La nostra libertà di pensare non può essere esercitata al di fuori della nostra volontà di capire.


Da questo paradigma nasce Particelle, una raccolta di scritti brevi il cui nucleo di volta
in volta riguarderà filosofia, politica, attualità, arte, pamphlet del passato rivisitati in
un’ottica contemporanea. L’intento è costruire una circolarità di discussione su queste
tematiche e portarle nello spazio pubblico, qualunque esso sia.

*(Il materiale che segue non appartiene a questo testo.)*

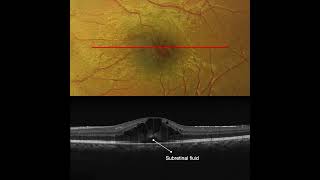 Cystoid Macular Edema in Pars Planitis OCT Interpretation [upl. by Aneehsram332]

Il pamphlet di Manlio Sgalambro, pubblicato nel gennaio 1994, che fu foriero della lunga collaborazione tra il filosofo e Franco Battiato, “Esplorabile mistero, affascinante, temibile e insondabile la vita, questo pensavo leggendo il minato pamphlet, un libro estremo, radicale, snob, che nulla concede eppure è già diventato un caso”. (la Repubblica, aprile 1994)

Introduce la nuova edizione la prefazione a tratti affettuosamente irriverente della figlia Elena Sgalambro. Il significato di Contro la musica deve essere inteso. Non è una volgare polemica che
qui si innesca ma una delicata questione metafisica. Questione che si configura relativamente all’ethos dell’ascolto.

Scrive il cult-philosophe siciliano:
“Un ascolto che è senza ethos. Un ascolto subìto, dove l’ascoltatore inciampa nella musica ed è obbligato ad ascoltarla, anche quando non lo vuole (…) come quando entra in un negozio per comprare un paio di mutande e, oltre a pagare, deve pure sorbirsi un sottofondo musicale, sia esso un quartetto d’archi o una canzone da stadio.”
E ancora: “Quel che vorrei fosse chiaro è che, con la musica, da un certo punto in poi l’Occidente ha trasformato una esperienza dello spirito in un fatto di cultura. Cioè in qualche cosa di amministrabile, di pianificabile, di storicizzabile. Ma lo spirito non si lascia né amministrare né pianificare né storicizzare.”